◆ What is needed
Copy task. Retype the whole listing exactly, omitting any picture in it.

◆ Dataset extract
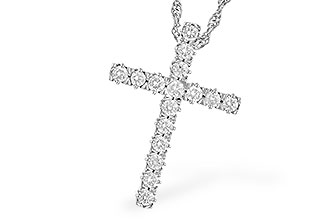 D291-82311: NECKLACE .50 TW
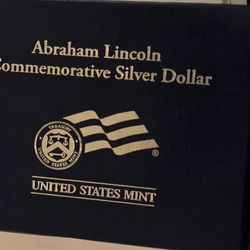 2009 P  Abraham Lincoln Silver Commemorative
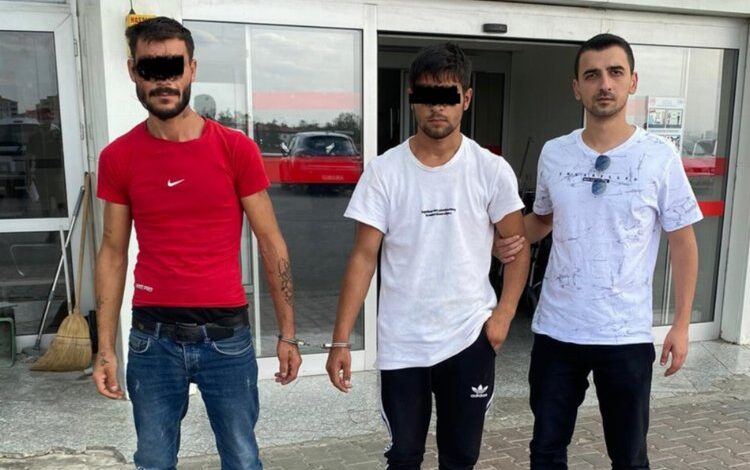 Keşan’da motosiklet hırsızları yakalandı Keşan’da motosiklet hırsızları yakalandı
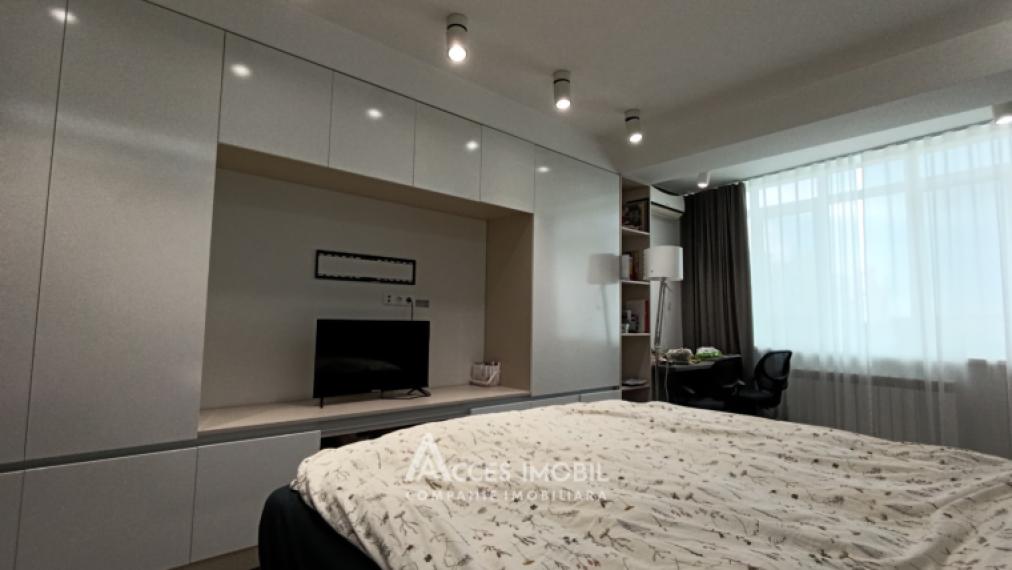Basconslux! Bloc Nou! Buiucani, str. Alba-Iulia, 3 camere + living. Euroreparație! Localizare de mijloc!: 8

◆ Result
 D291-82311: NECKLACE .50 TW
 2009 P  Abraham Lincoln Silver Commemorative
 Keşan’da motosiklet hırsızları yakalandı Keşan’da motosiklet hırsızları yakalandı
Basconslux! Bloc Nou! Buiucani, str. Alba-Iulia, 3 camere + living. Euroreparație! Localizare de mijloc!: 8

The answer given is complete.